Pictures stay out of the output. Return exactly the lines below from the one with "Konya merkezli göçmen" down to the one with "Астанада ер адам", both included, and nothing more.

Items from a dataset
##########
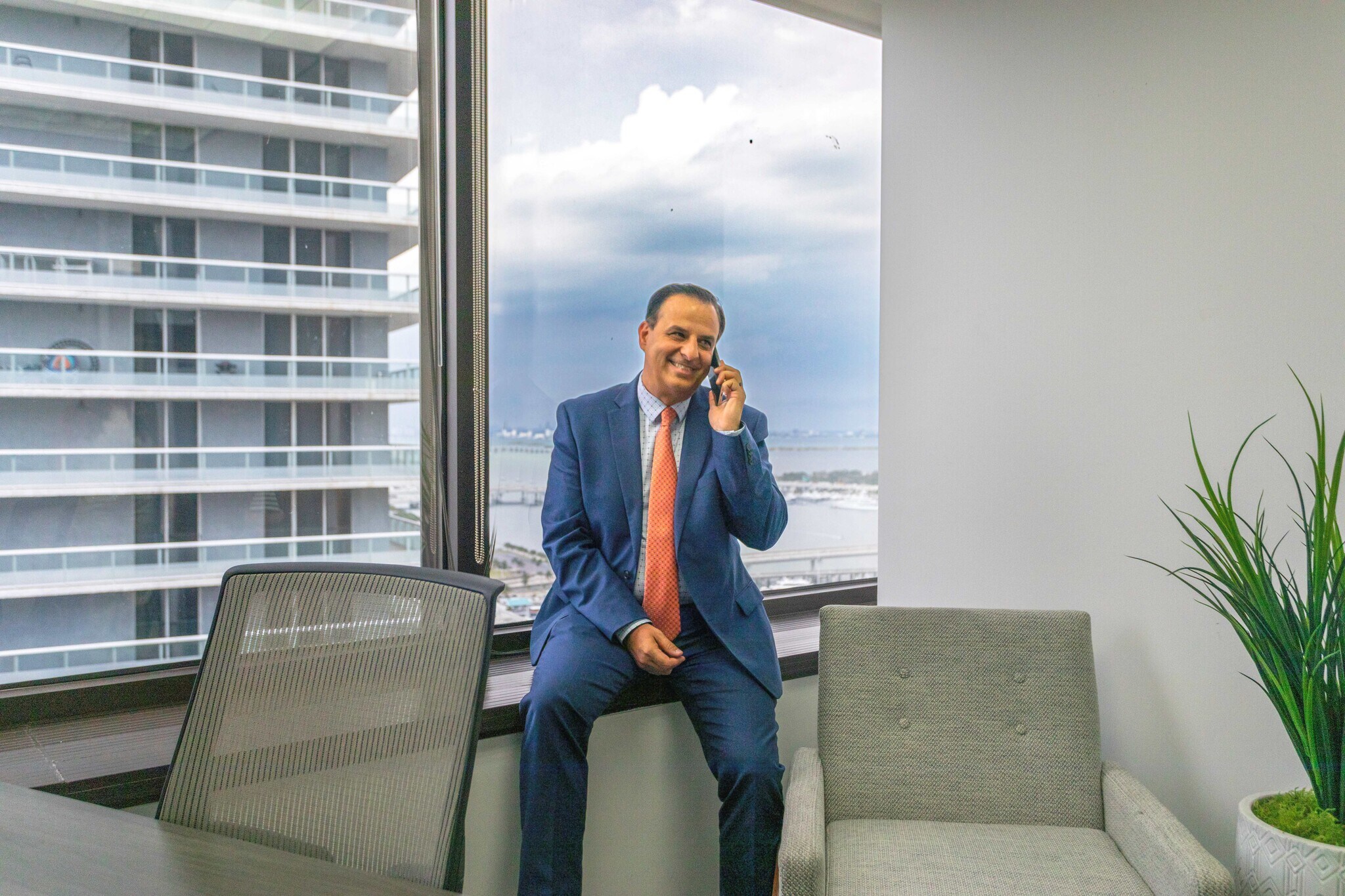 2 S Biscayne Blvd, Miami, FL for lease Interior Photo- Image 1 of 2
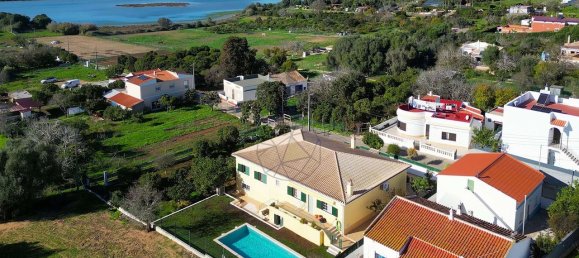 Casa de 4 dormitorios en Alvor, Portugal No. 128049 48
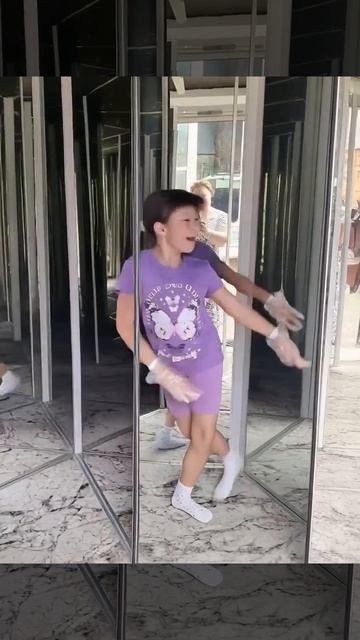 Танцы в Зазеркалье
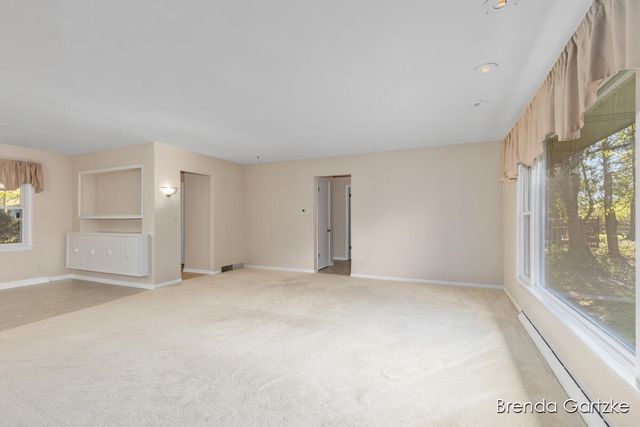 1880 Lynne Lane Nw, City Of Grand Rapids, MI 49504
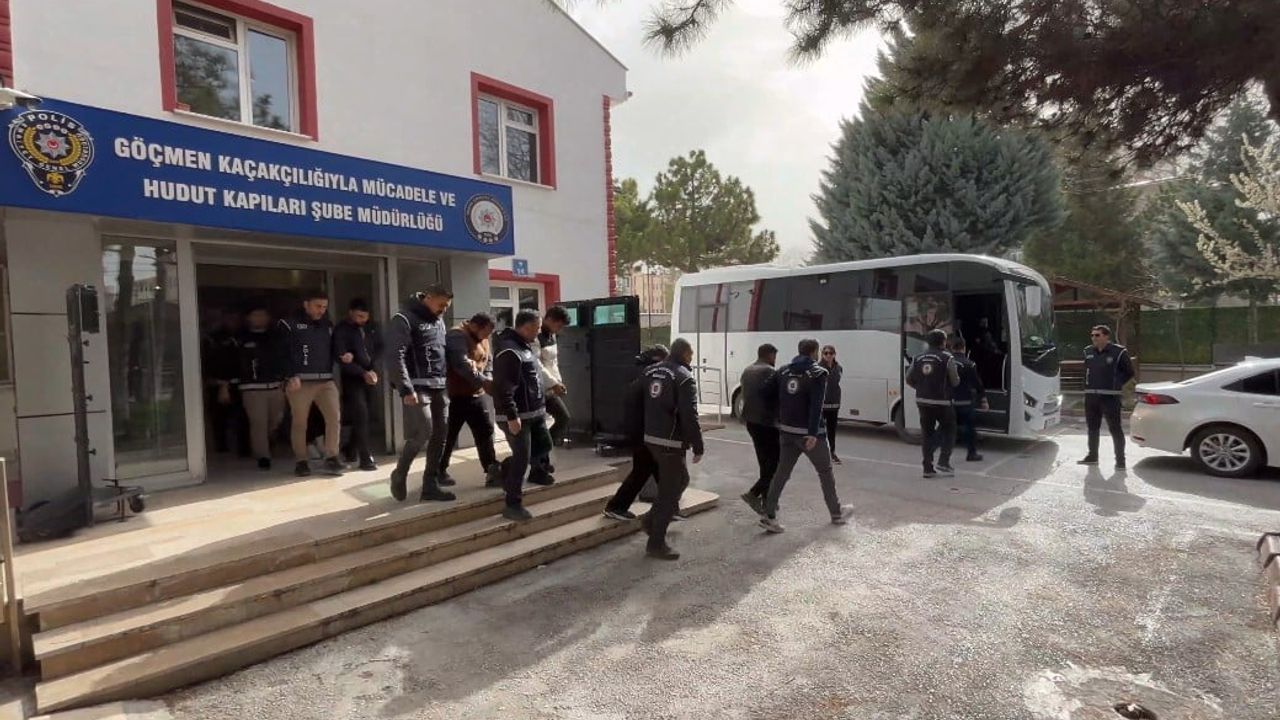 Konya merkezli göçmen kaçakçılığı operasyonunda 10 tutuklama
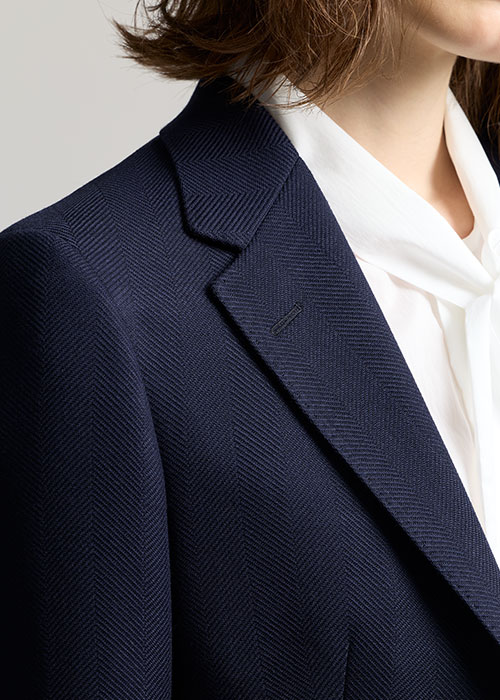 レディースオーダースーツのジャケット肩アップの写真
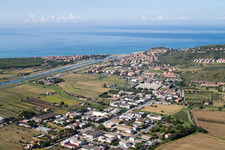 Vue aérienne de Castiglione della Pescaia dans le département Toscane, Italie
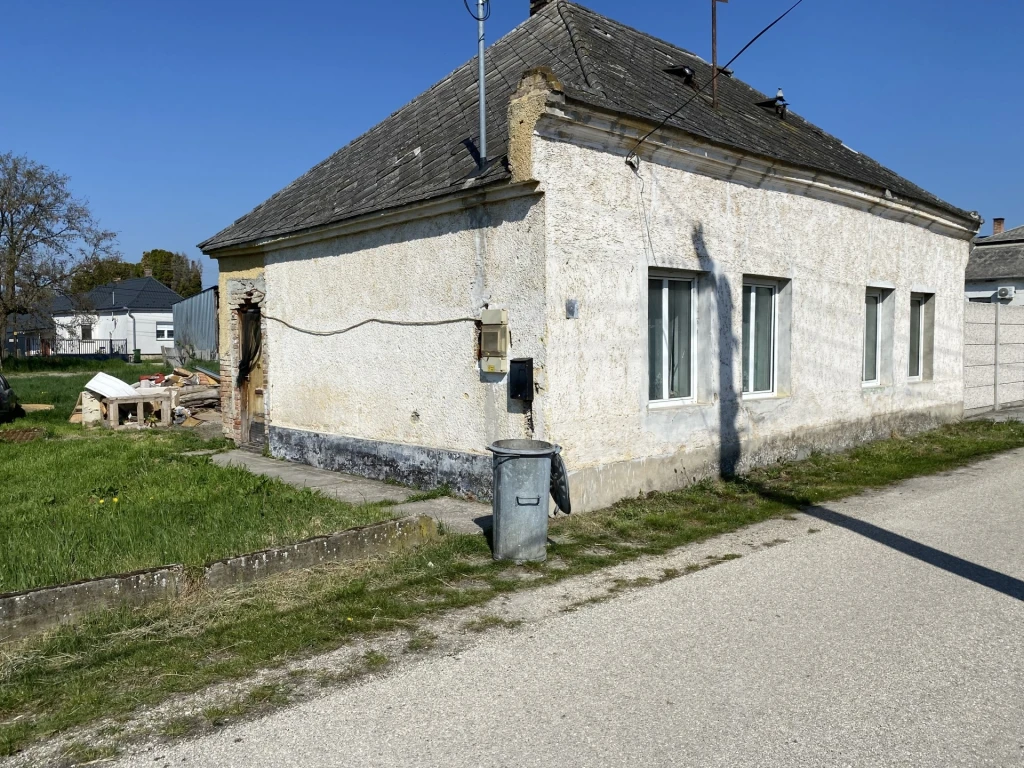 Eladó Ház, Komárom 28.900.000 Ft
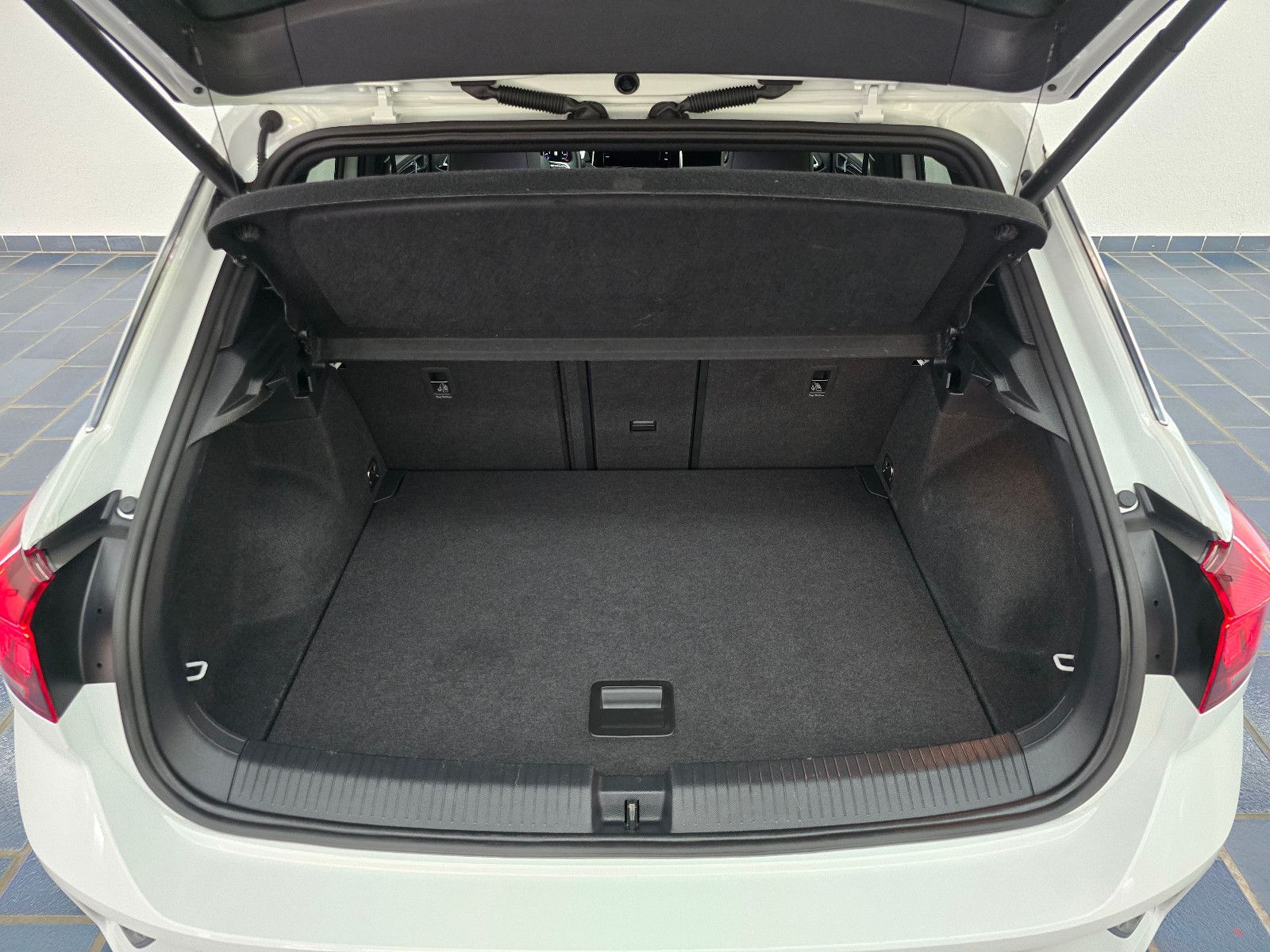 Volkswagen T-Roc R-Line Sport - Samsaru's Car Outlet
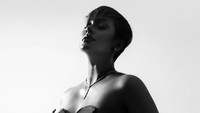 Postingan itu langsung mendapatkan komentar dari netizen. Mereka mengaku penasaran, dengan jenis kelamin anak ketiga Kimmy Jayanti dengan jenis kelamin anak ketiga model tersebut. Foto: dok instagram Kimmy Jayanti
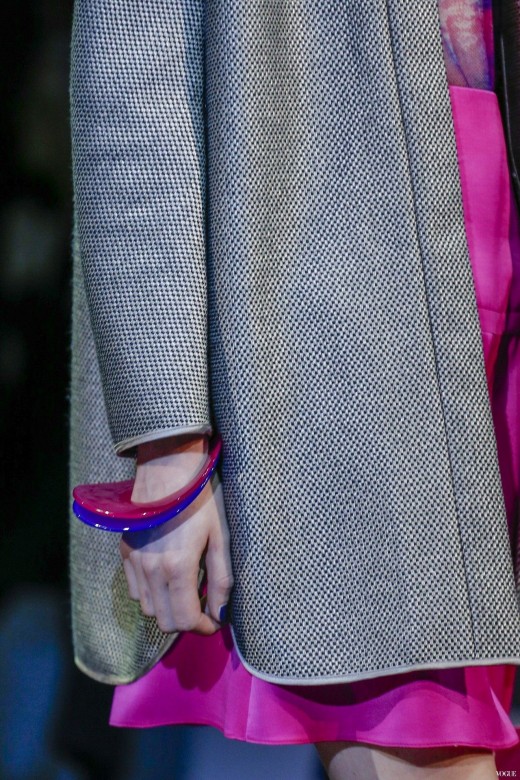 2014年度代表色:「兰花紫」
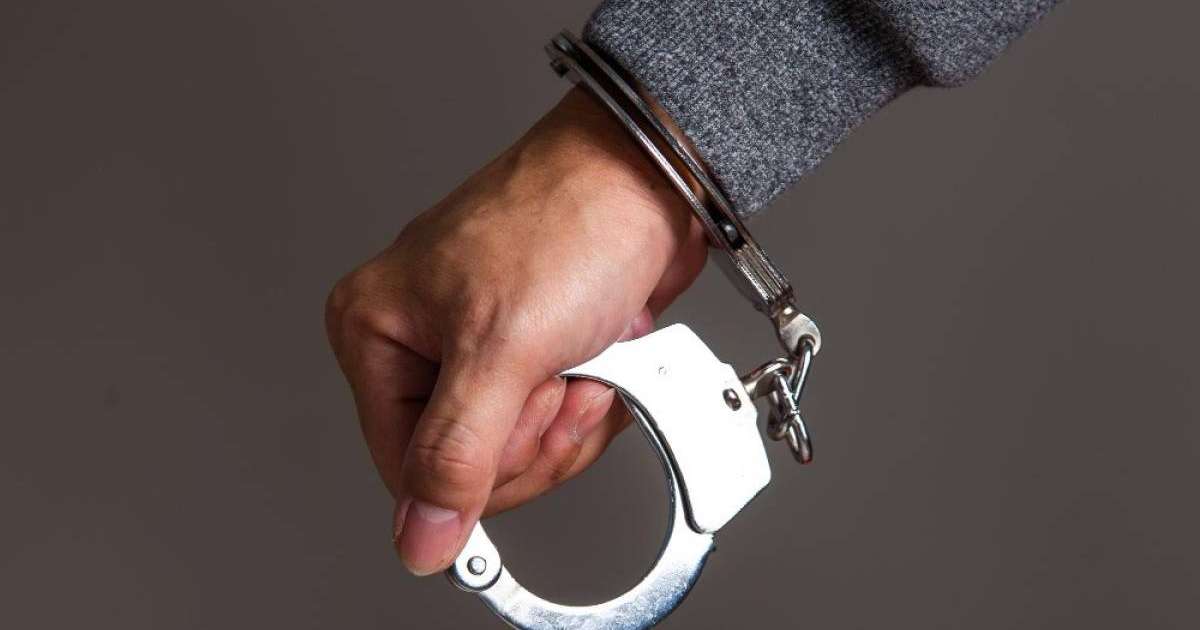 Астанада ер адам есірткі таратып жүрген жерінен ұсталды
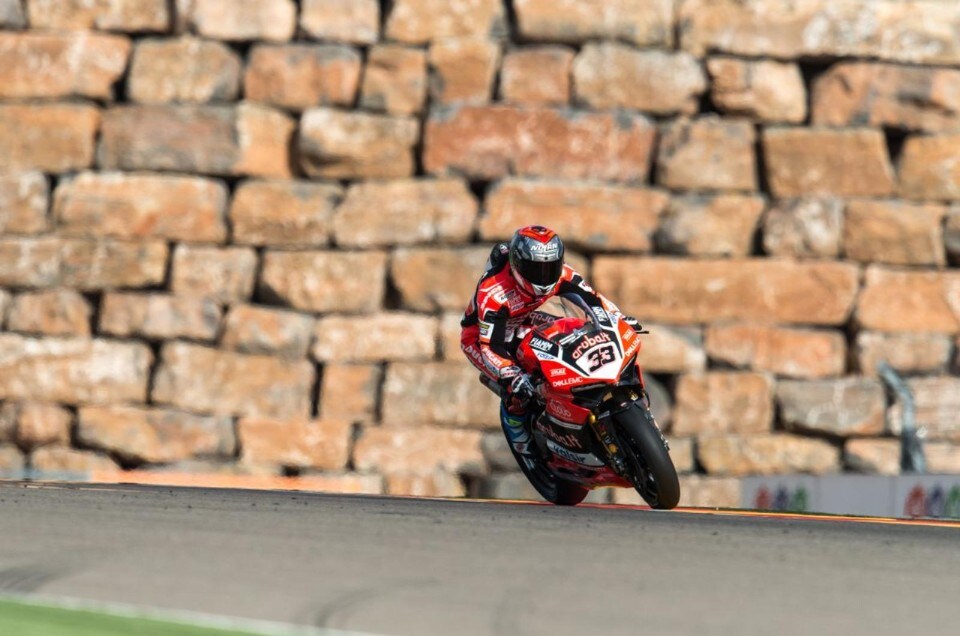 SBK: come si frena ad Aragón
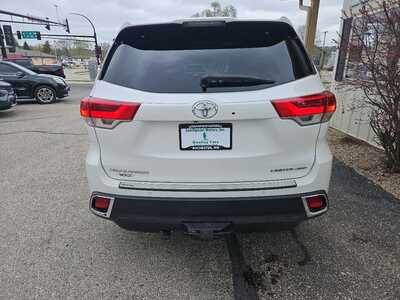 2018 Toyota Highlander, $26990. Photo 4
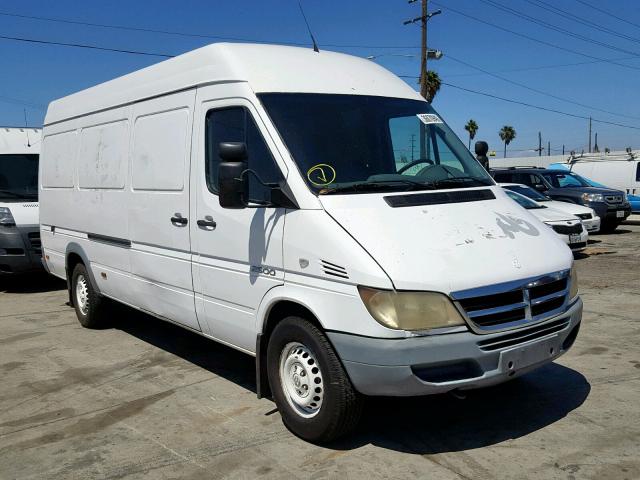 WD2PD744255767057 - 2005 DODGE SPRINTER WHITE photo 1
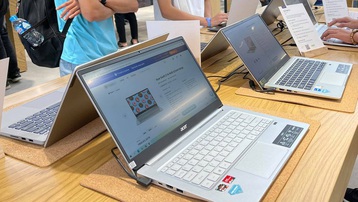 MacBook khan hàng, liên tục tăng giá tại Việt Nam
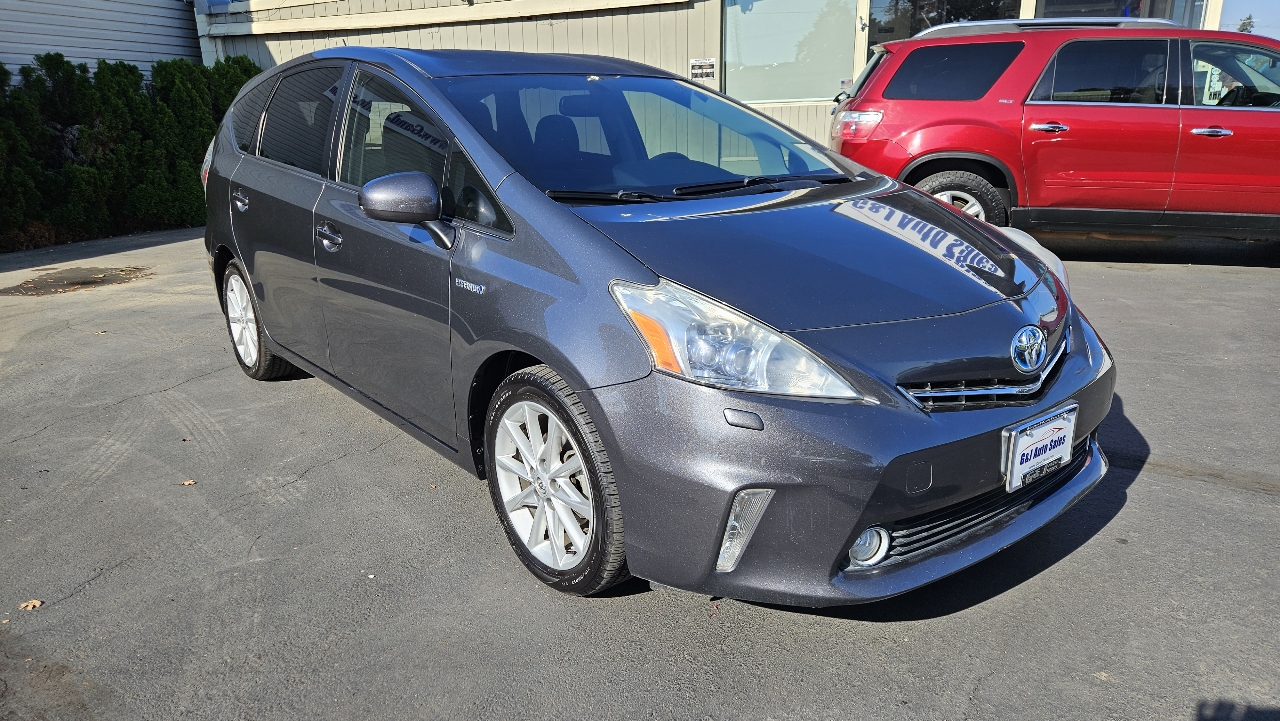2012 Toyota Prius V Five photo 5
##########
- YOUR SOLUTION -
 Konya merkezli göçmen kaçakçılığı operasyonunda 10 tutuklama
 レディースオーダースーツのジャケット肩アップの写真
 Vue aérienne de Castiglione della Pescaia dans le département Toscane, Italie
 Eladó Ház, Komárom 28.900.000 Ft
 Volkswagen T-Roc R-Line Sport - Samsaru's Car Outlet
 Postingan itu langsung mendapatkan komentar dari netizen. Mereka mengaku penasaran, dengan jenis kelamin anak ketiga Kimmy Jayanti dengan jenis kelamin anak ketiga model tersebut. Foto: dok instagram Kimmy Jayanti
 2014年度代表色:「兰花紫」
 Астанада ер адам есірткі таратып жүрген жерінен ұсталды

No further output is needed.